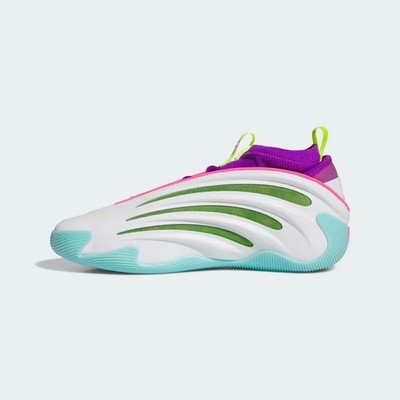 Jalen Williams x Harden Vol.9 PE White Lucid Lime Pink Men's Size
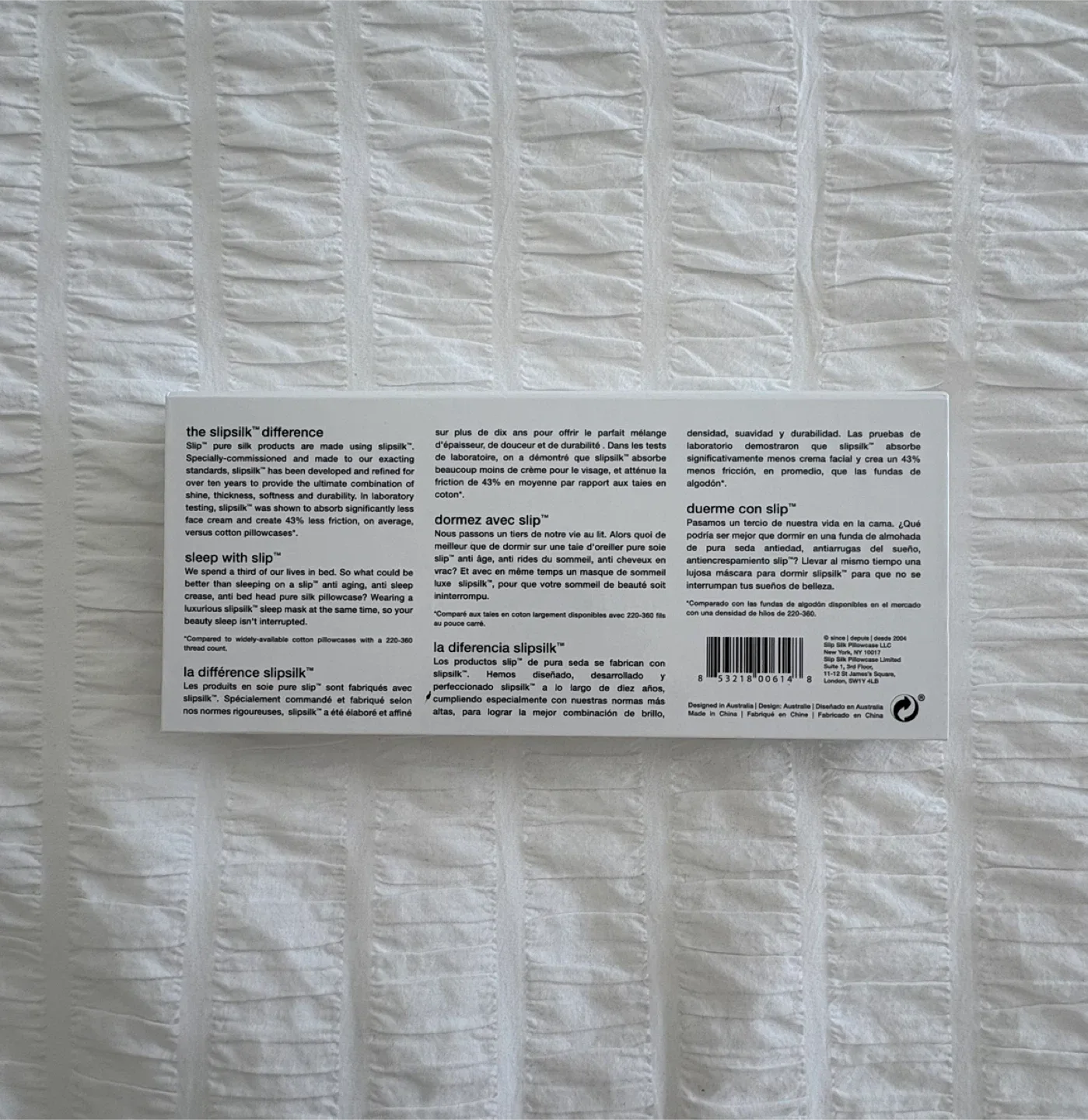 Slip Pure Silk Sleep Mask image indicator(4)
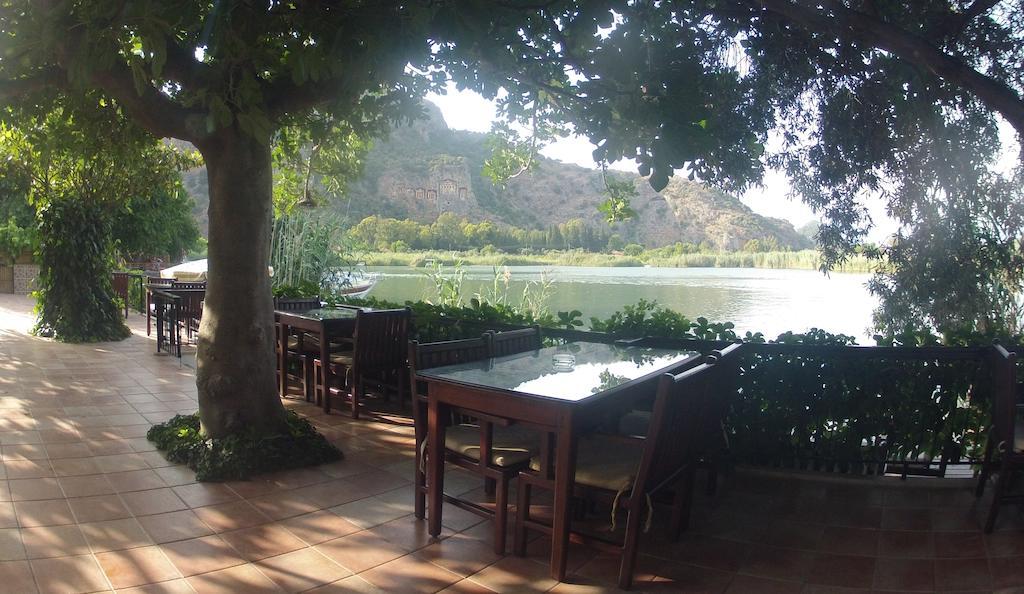 Lindos Pension Dalyan Exterior foto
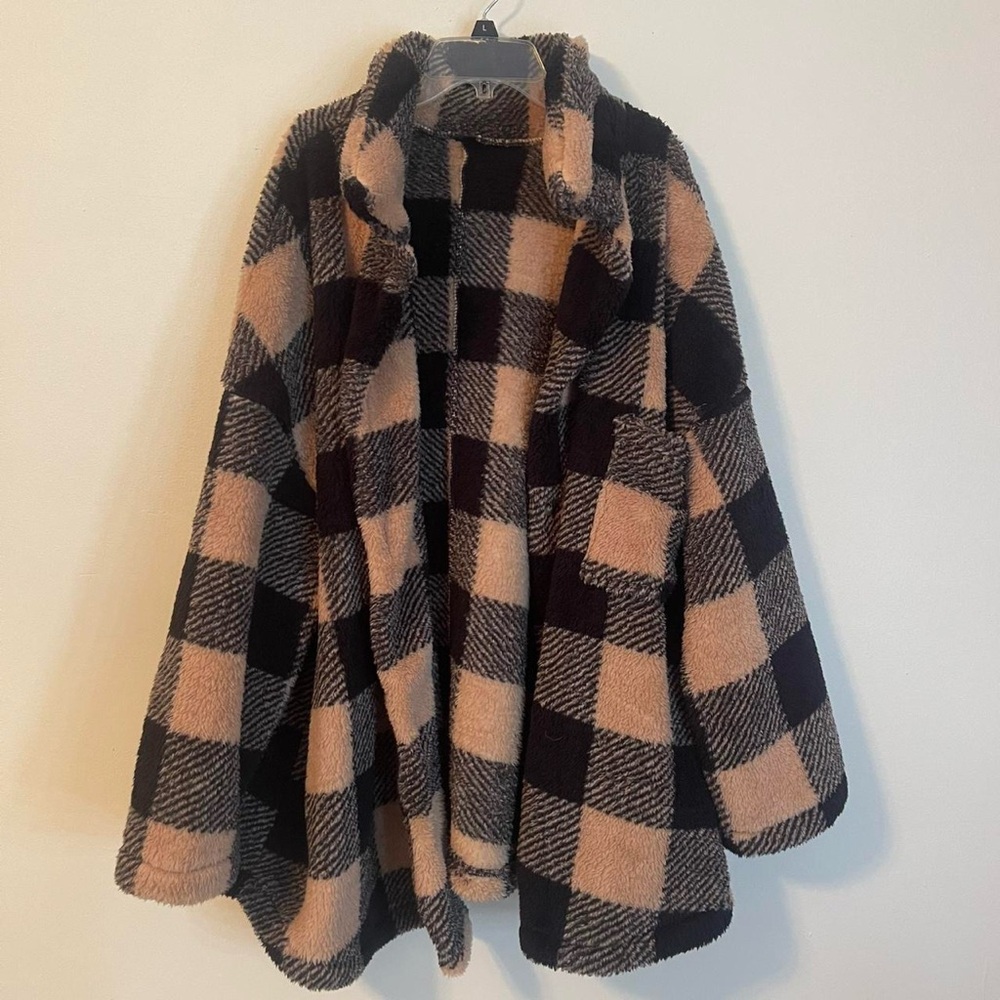 Fall Fleece Coat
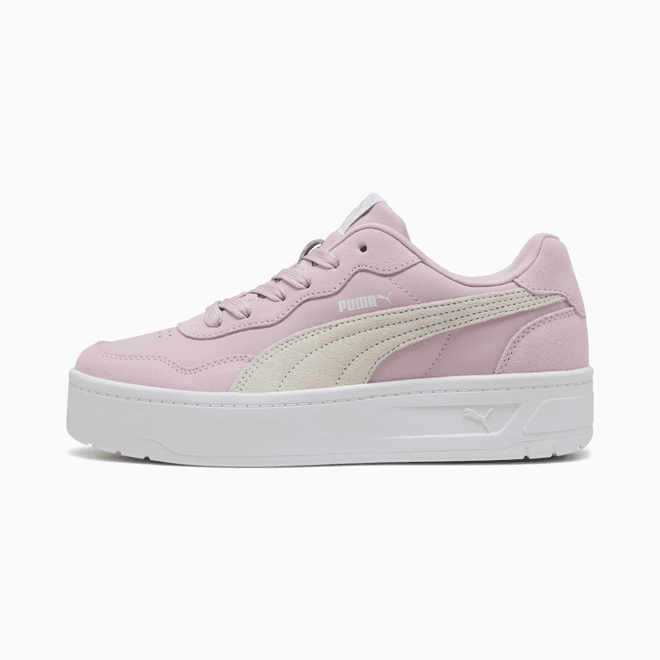 Puma Court Lally Skye Suede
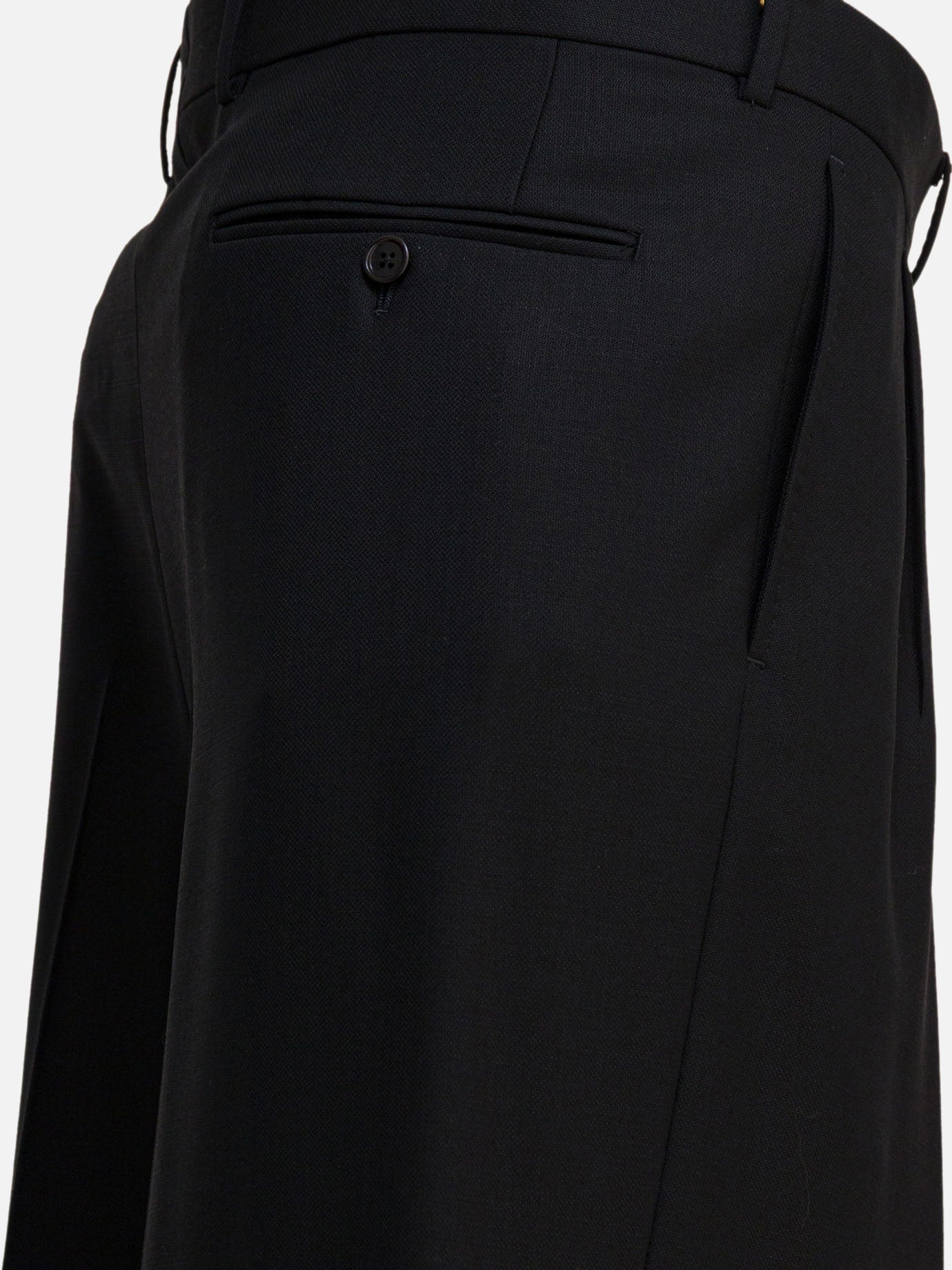 Leisure trousers Solid colour Black - Tom Ford Men | PDP | VIETTI Online Store | Zoom-Modal_4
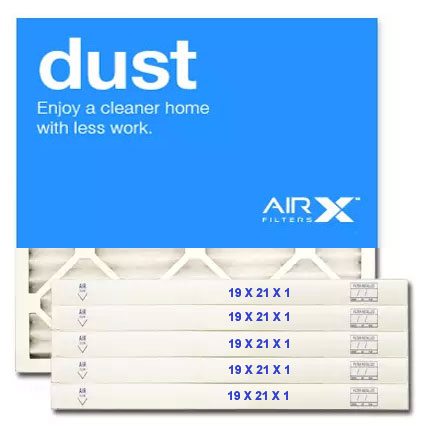 19x21x1 AIRx DUST Air Filter - MERV 8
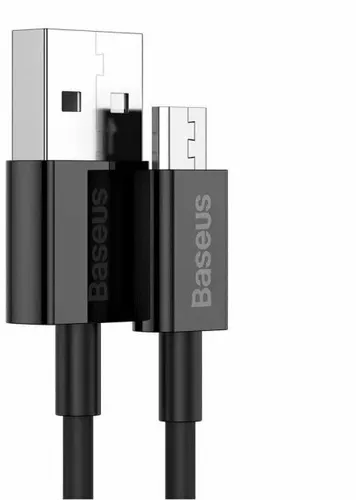 Кабель BASEUS Superior Series USB - MicroUSB CAMYS-A01, Черный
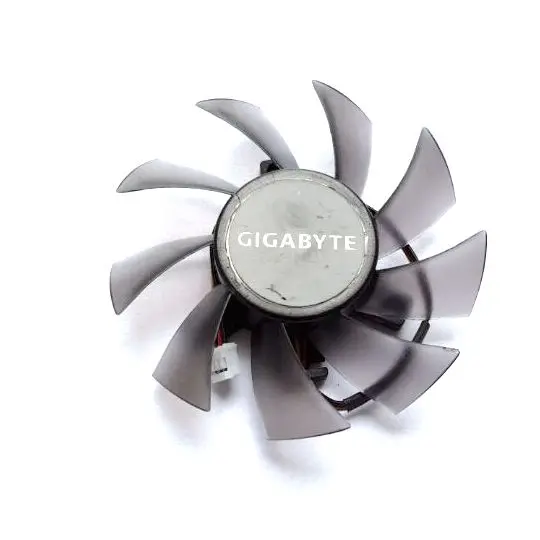 Бесплатная доставка T128015SH 75 мм 40 x 3 контакта для Gigabyte GV N450 512I вентилятор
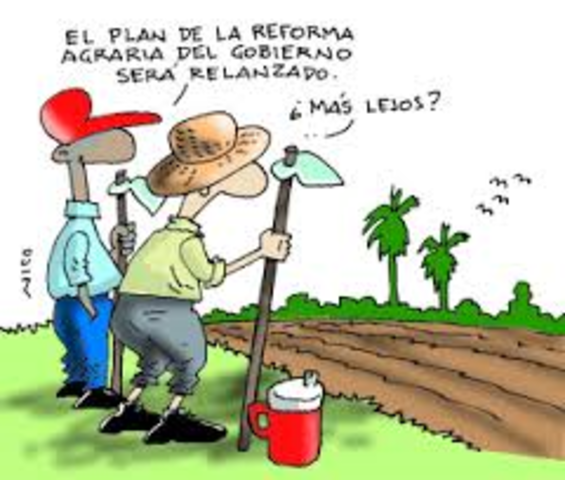 reforma agraria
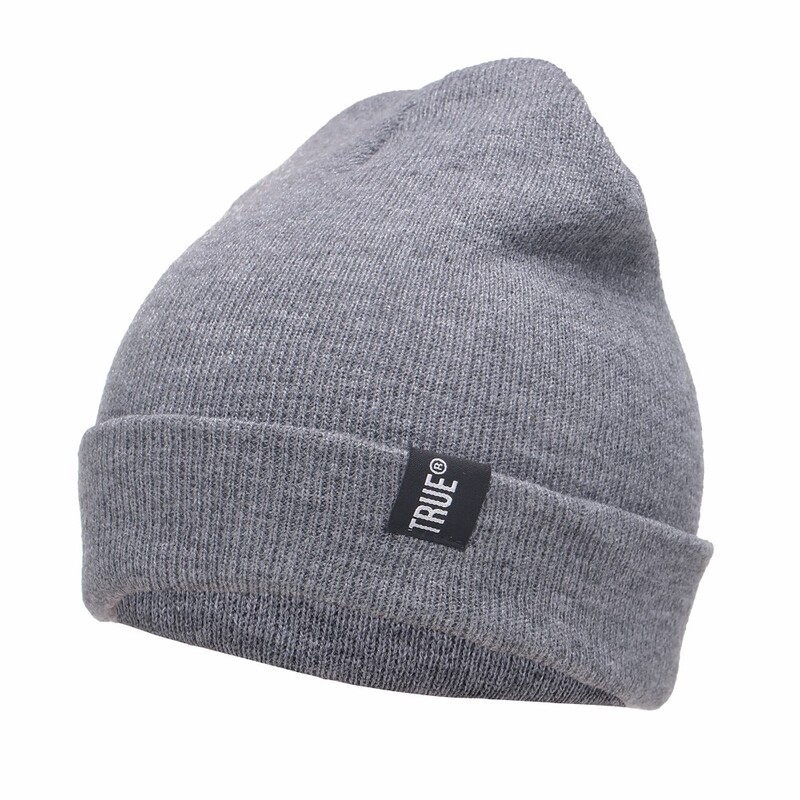 Letter True Ležerne kape u 10 boja za muškarce Ženske modne pletene zimske kape Jednobojne hip-hop Skullies šešir Šešir Unisex kapa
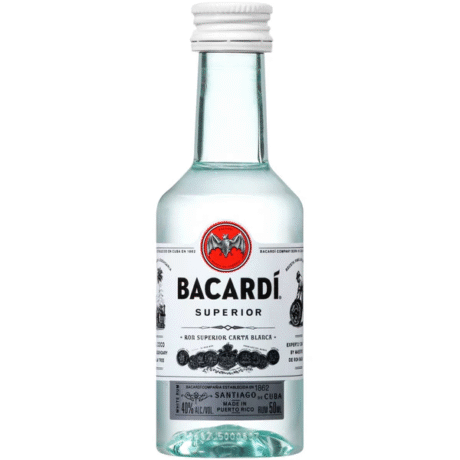 Bacardi Superior 50 ml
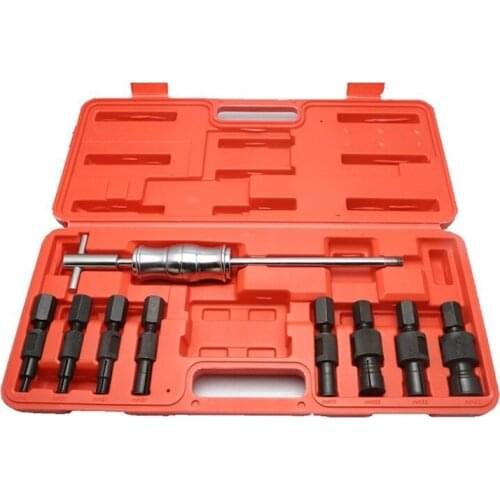 9pcs Blind Hole Bearing Remover Inner Bearing Puller Extractor Bearing Removal Tool Car Protection Repair Tool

# # # # #

• What is required:
Would you copy each line above exactly as given, dropping any images?

• Written response:
 Jalen Williams x Harden Vol.9 PE White Lucid Lime Pink Men's Size
 Slip Pure Silk Sleep Mask image indicator(4)
 Lindos Pension Dalyan Exterior foto
 Fall Fleece Coat
 Puma Court Lally Skye Suede
 Leisure trousers Solid colour Black - Tom Ford Men | PDP | VIETTI Online Store | Zoom-Modal_4
 19x21x1 AIRx DUST Air Filter - MERV 8
 Кабель BASEUS Superior Series USB - MicroUSB CAMYS-A01, Черный
 Бесплатная доставка T128015SH 75 мм 40 x 3 контакта для Gigabyte GV N450 512I вентилятор
 reforma agraria
 Letter True Ležerne kape u 10 boja za muškarce Ženske modne pletene zimske kape Jednobojne hip-hop Skullies šešir Šešir Unisex kapa
 Bacardi Superior 50 ml
 9pcs Blind Hole Bearing Remover Inner Bearing Puller Extractor Bearing Removal Tool Car Protection Repair Tool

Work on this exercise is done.